Problem description →
Pull every line of the entries that has the word "with".

Given records START

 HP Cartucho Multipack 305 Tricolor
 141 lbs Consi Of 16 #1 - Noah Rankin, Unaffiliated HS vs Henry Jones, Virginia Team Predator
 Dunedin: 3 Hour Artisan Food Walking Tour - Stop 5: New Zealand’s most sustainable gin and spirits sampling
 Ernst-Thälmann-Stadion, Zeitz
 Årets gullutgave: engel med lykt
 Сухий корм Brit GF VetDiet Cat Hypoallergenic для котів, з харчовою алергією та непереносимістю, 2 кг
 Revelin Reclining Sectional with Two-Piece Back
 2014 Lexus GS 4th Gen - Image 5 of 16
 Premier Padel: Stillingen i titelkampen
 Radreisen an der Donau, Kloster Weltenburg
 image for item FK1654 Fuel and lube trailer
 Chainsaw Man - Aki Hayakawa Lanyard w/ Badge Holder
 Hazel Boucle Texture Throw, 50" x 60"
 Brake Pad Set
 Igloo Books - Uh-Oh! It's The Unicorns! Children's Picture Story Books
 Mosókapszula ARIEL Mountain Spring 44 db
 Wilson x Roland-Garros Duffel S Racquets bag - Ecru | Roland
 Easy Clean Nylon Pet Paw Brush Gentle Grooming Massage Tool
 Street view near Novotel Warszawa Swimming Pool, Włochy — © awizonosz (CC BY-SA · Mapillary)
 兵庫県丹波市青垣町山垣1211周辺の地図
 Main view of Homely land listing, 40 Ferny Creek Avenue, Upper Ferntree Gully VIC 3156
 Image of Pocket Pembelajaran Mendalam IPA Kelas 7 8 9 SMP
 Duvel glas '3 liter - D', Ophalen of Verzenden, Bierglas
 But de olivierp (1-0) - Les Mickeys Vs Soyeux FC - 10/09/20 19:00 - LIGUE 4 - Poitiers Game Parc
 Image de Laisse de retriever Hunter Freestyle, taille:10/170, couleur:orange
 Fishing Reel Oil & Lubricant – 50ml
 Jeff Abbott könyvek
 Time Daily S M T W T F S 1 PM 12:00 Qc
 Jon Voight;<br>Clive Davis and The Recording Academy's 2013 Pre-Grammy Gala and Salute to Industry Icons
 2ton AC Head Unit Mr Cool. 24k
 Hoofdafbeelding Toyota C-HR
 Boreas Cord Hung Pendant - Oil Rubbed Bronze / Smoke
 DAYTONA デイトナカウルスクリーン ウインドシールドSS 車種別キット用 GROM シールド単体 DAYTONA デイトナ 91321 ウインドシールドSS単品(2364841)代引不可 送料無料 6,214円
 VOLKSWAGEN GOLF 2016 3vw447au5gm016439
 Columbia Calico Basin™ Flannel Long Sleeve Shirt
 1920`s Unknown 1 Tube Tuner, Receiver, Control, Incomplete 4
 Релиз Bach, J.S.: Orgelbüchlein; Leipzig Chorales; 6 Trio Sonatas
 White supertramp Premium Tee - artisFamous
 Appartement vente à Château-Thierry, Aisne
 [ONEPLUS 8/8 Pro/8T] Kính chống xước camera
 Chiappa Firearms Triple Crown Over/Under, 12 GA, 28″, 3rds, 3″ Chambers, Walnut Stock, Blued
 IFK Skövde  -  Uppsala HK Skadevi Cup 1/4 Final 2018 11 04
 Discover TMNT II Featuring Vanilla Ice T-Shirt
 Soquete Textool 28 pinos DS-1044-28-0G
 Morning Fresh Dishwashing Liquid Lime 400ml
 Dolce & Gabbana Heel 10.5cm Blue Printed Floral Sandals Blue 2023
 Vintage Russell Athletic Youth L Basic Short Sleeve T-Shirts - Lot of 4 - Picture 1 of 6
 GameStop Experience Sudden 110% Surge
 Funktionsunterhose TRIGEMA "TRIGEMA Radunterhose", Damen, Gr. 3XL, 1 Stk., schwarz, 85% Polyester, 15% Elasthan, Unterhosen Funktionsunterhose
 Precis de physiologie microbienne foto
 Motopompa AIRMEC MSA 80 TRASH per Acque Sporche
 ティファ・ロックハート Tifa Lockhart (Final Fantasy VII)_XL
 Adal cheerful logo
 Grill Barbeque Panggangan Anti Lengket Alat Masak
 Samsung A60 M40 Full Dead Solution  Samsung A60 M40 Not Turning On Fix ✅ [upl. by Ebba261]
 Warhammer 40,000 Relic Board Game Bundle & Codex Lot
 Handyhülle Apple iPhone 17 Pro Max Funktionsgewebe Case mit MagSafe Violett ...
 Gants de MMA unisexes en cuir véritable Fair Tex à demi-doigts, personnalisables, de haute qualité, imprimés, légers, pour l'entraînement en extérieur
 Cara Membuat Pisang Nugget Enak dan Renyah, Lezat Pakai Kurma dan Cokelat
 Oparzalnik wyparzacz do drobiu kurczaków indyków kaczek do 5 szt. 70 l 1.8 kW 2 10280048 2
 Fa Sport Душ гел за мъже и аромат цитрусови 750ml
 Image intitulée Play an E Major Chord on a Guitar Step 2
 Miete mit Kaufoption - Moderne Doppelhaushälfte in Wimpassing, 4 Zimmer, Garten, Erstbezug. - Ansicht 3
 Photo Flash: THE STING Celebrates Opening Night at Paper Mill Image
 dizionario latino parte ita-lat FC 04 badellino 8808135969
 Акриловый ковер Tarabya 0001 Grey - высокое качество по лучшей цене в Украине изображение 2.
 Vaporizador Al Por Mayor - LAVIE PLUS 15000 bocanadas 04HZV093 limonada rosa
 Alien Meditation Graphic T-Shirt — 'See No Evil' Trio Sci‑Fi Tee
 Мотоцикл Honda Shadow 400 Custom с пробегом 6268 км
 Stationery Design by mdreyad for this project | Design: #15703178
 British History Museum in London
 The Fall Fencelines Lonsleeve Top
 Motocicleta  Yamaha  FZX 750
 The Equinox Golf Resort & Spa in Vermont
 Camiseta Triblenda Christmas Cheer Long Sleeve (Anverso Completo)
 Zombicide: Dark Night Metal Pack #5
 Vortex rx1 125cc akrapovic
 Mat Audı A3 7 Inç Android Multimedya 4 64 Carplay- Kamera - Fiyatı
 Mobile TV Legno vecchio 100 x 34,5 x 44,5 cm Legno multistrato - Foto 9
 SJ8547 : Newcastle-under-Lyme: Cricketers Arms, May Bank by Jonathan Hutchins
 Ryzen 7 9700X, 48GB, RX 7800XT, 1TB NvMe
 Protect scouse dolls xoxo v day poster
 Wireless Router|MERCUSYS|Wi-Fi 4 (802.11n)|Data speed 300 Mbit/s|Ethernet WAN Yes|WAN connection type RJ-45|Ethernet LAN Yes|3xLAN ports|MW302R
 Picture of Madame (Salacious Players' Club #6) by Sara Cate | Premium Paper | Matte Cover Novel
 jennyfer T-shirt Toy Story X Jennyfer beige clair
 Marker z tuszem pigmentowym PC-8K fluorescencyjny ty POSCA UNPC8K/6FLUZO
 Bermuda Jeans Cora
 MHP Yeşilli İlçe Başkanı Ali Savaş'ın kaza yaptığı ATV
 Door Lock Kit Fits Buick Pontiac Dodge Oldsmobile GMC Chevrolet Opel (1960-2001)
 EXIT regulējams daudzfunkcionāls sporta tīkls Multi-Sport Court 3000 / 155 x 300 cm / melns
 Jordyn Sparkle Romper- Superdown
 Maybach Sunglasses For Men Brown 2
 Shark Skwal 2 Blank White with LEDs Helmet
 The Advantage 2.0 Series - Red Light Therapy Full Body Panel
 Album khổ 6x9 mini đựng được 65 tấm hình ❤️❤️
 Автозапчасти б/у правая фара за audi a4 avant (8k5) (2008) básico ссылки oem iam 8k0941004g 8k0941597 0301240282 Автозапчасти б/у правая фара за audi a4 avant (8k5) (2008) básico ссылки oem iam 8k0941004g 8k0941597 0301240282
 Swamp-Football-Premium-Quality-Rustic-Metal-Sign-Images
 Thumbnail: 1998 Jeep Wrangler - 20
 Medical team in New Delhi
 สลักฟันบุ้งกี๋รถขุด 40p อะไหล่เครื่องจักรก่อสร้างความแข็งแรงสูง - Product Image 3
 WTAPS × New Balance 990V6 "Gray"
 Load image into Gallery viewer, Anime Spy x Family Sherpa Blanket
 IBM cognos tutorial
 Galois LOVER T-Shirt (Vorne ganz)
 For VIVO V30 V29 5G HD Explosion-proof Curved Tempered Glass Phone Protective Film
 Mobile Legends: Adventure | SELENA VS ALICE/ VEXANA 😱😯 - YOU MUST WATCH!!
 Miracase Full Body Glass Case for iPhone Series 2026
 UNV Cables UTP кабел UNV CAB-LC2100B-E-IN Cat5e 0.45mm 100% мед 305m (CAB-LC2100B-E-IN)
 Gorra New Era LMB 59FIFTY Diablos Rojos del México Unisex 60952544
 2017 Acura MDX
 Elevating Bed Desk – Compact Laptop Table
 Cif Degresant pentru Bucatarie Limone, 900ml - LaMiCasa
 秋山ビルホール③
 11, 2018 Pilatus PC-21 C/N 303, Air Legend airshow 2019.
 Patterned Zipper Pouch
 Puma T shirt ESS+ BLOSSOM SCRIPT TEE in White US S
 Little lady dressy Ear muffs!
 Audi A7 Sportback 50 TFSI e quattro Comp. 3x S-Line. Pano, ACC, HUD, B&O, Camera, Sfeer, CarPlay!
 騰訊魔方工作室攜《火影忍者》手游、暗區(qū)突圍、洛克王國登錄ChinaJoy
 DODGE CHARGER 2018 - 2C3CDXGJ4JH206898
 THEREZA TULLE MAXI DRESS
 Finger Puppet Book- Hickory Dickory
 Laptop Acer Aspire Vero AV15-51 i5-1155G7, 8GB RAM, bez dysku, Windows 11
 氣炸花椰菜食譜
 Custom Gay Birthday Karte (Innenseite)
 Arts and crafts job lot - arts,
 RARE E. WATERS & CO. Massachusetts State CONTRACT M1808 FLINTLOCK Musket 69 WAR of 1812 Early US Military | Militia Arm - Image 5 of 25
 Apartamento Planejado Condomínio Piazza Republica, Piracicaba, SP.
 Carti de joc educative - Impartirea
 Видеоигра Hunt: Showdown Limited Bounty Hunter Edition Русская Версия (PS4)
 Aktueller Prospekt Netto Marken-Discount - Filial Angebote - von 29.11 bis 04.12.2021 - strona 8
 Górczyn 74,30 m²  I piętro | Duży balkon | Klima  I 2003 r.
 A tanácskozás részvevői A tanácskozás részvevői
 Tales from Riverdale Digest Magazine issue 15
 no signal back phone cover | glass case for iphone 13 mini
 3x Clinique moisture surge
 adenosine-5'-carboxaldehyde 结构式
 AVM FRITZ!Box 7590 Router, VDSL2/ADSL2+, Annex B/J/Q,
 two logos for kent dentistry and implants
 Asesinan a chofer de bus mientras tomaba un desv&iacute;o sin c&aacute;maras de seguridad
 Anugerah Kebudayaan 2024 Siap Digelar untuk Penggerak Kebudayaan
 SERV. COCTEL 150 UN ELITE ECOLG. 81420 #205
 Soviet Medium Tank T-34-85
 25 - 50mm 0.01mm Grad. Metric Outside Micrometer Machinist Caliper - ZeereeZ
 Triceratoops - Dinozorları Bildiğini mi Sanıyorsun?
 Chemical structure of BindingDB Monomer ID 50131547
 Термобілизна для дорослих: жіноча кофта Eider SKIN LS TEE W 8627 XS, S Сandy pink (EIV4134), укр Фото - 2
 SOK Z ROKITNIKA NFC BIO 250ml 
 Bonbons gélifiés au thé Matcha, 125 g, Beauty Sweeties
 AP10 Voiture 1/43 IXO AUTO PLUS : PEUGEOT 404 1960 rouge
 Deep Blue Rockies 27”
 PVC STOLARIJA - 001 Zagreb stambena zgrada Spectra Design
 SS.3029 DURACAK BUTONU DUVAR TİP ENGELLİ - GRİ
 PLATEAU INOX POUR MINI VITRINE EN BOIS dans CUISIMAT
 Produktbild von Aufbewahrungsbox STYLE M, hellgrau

Given records END

Output for this exercise →
 Revelin Reclining Sectional with Two-Piece Back
 Shark Skwal 2 Blank White with LEDs Helmet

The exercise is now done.